Given data –

###

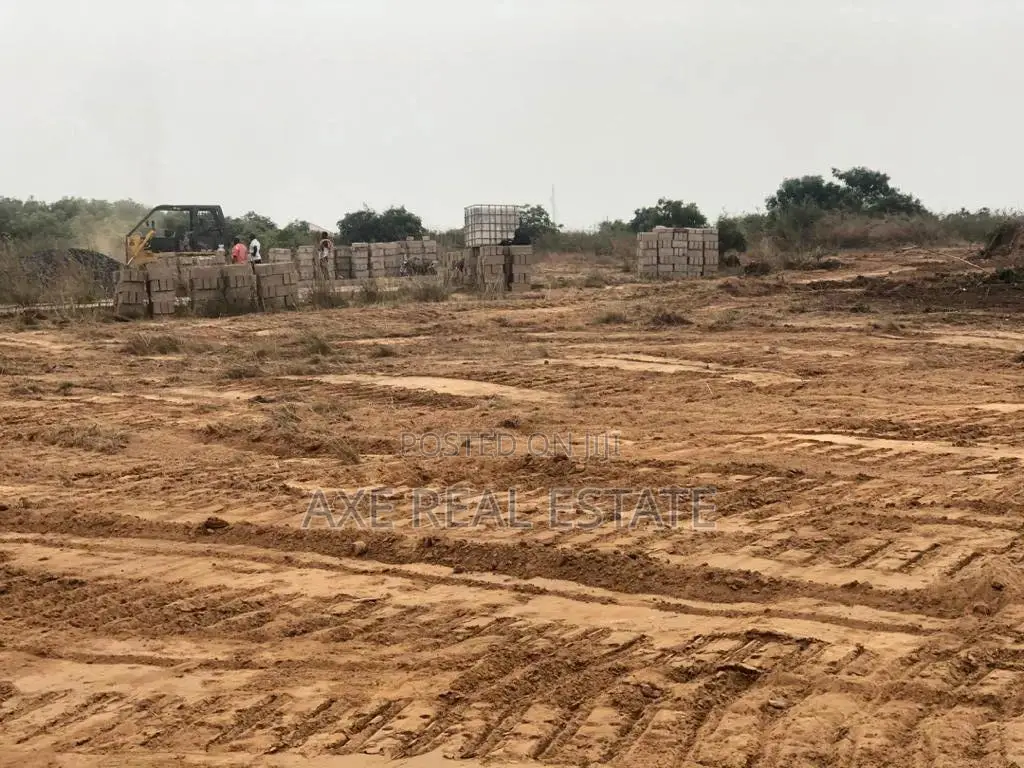 Half Plot Promo // Gated at Tsopoli New Airport City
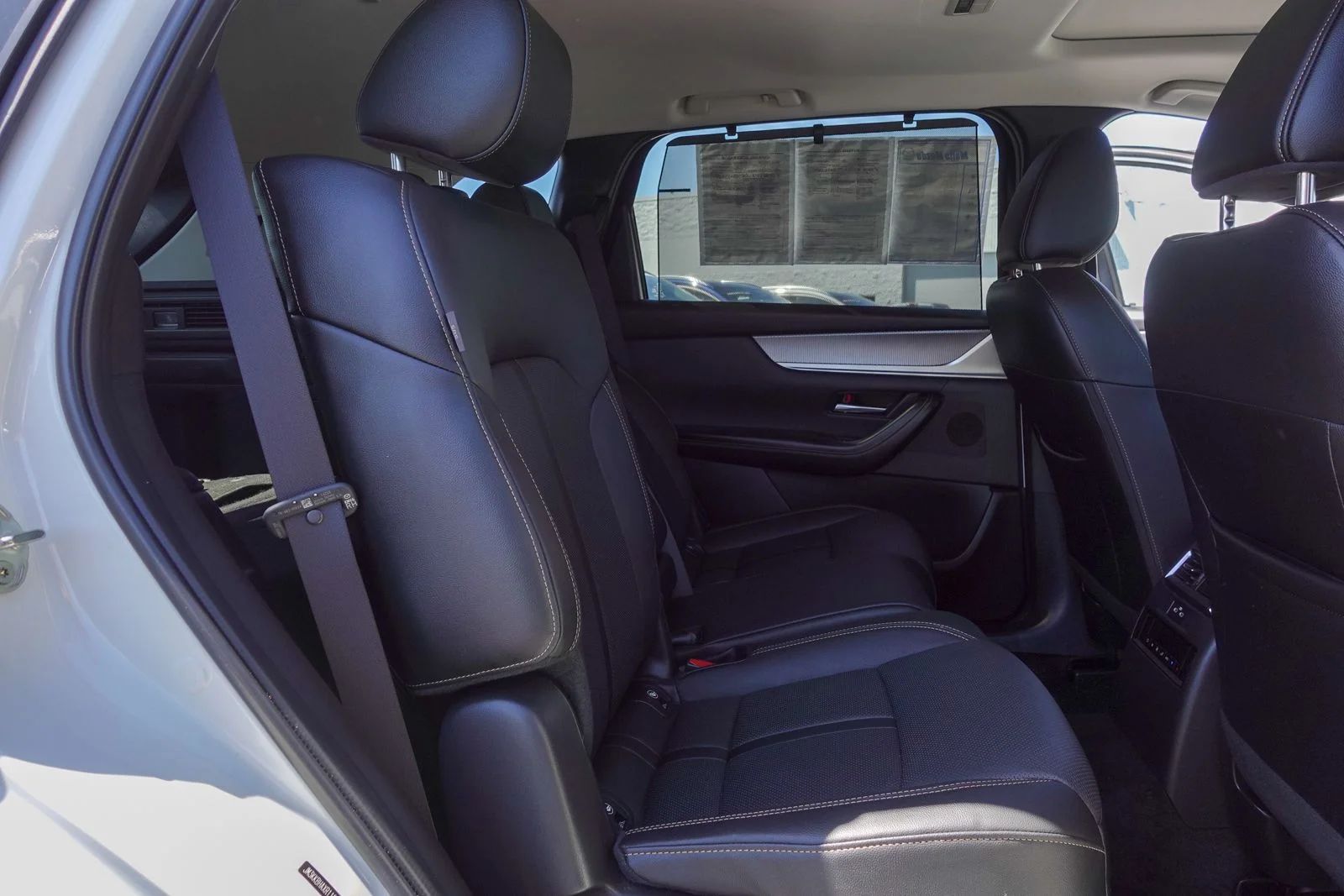 2024 Mazda CX-90 Preferred Package - Photo 16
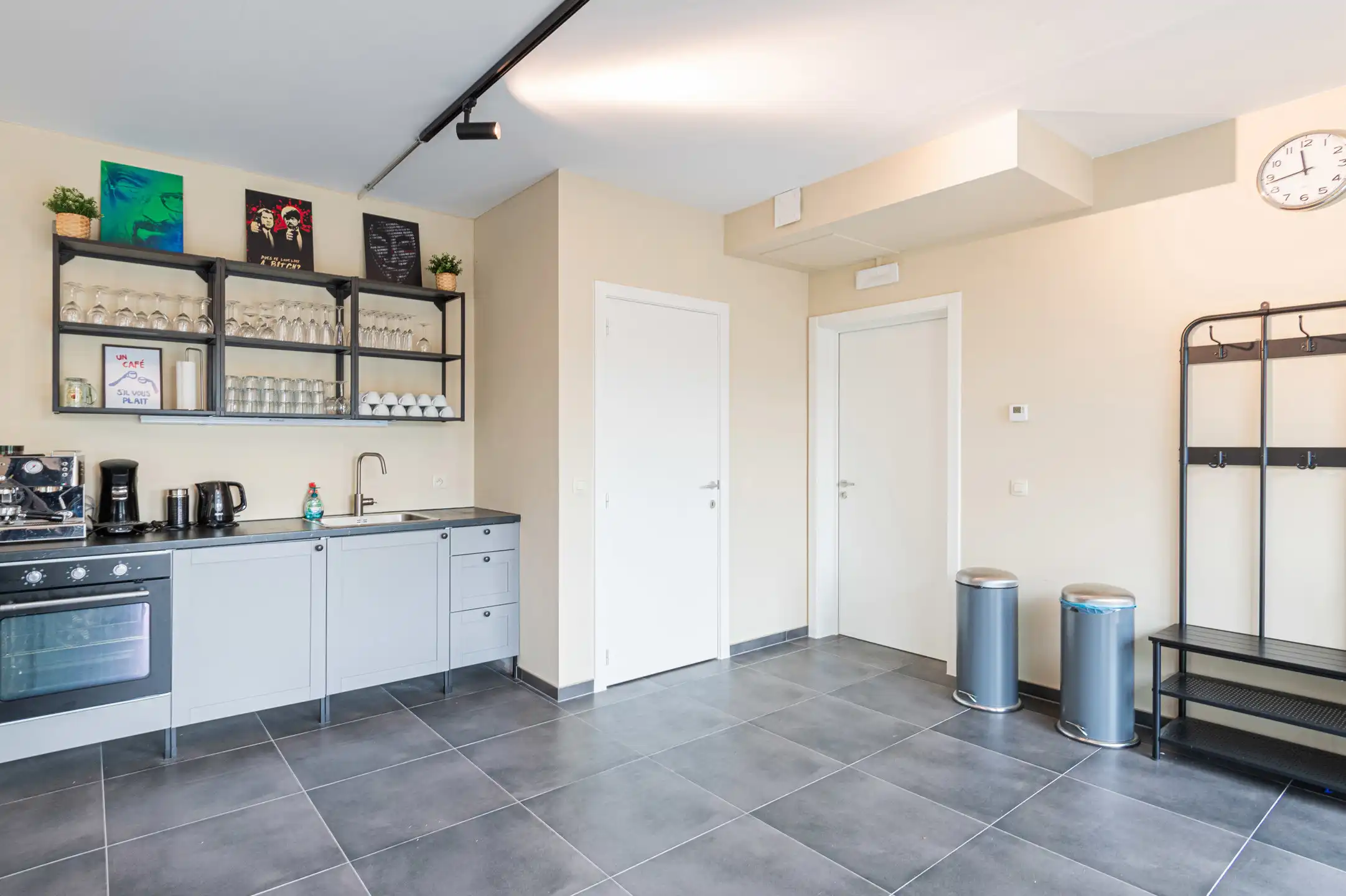 Veelzijdige en lichtrijke kantoorruimte! foto 5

###

Would it be possible to copy the material exactly, excluding the images?

Answer for the task –
 Half Plot Promo // Gated at Tsopoli New Airport City
 2024 Mazda CX-90 Preferred Package - Photo 16
 Veelzijdige en lichtrijke kantoorruimte! foto 5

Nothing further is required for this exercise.